I shake my head. No.

“Can I tell you about an island that has incredible snorkling?”

“No. I don’t want to hear about it.”

Man sits down. “It’s an island blah blah blah…”

I interupt. “I want to sit her alone and rest.”

Man continues talking.

I interupt again. “I WANT. to sit here. ALONE.”

“You want to sit here alone?”

“YES.”

Silence.

“Ok. Chao.” Still sitting there. Still hasn’t accepted that I want him to go away.

“CHAO,” I reply quickly.

Man finally leaves.

I am going insane. I actually told some tonight to “get the fuck away.” Exact words.

Queen of the Cock Zone

Again, it’s a been a while. Since I’ve last been here me and my kingdom have expanded to Downtown Browntown- where the chicos ricos abound.

Seriously, they are digging the flava’ of the Queen down here. It’s almost overwelming at times. Thinking about wearing a sign on my head that says “I KNOW I’M HOT, PLEASE STOP STARRING.” But I suppose that would just draw more attention to myself.

Anywho, with this target rich environment comes plenty of fodder for this here blog. Stay tuned.

April 14th. The span of time between now and then is indicative in itself of the Sahara-like quality of my “love life” right now and if you’re short on time, feel free to stop reading here. You’ve got it all already.

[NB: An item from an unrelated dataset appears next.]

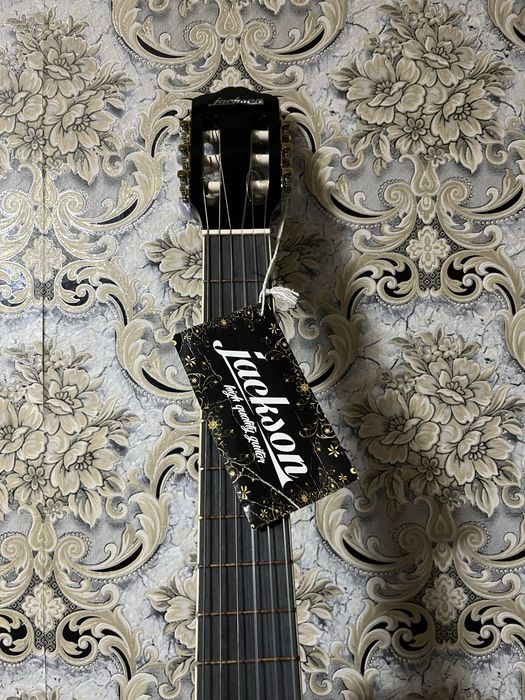 Klassik gitara sotiladi, yaxshi holatda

But if you’re still here, than I have one little tidbit for you from the last few months. I got a very sweet and romantic text message proposal the other day. But before I tell you about that, let me tell you about the other three marriage proposals I have received in the last 30 years. The first two involved offered an exchange of goats and various other livestock. Being as I was under the legal marriage age and didn’t speak French, my “associates” turned down those offers and wisked me away to safer territory. The third promise was given with promises of “big house! I give you big house!” My first inclination at this was to laugh and I did and than walked away dragging my less experienced friend with me with her chin hitting the floor.

Well this one came with no grandiose promises BUT because of my supreme negotiating skills, I was able to trade my legal status in this country for these terms: small hut on the beach, a foreign passport and a pet monkey. Oh yeah, and I’m sure I could work out lots of sex too.

Despite those terms, the romantic in me, that near dormant dusty corner of my heart, isn’t quite satisfied. Is it too much to ask that someone love me BEFORE they ask me to marry them? Is it too much to ask that the person who I marry returns my phone calls? Or possibly reserves important questions such as that for perhaps even a phone call if not in person? Now THAT WOULD BE SHOCKING.

another fine specimen

the queen….

is now on twitter.

http://www.twitter.com/queenoftheFZ

recap of last night’s date:

So I’ve been testing out a new dating theory. I seem to have a trend of picking the wrong guy all the time. So i thought to try and find the guy that is least attractive to me and go out with him.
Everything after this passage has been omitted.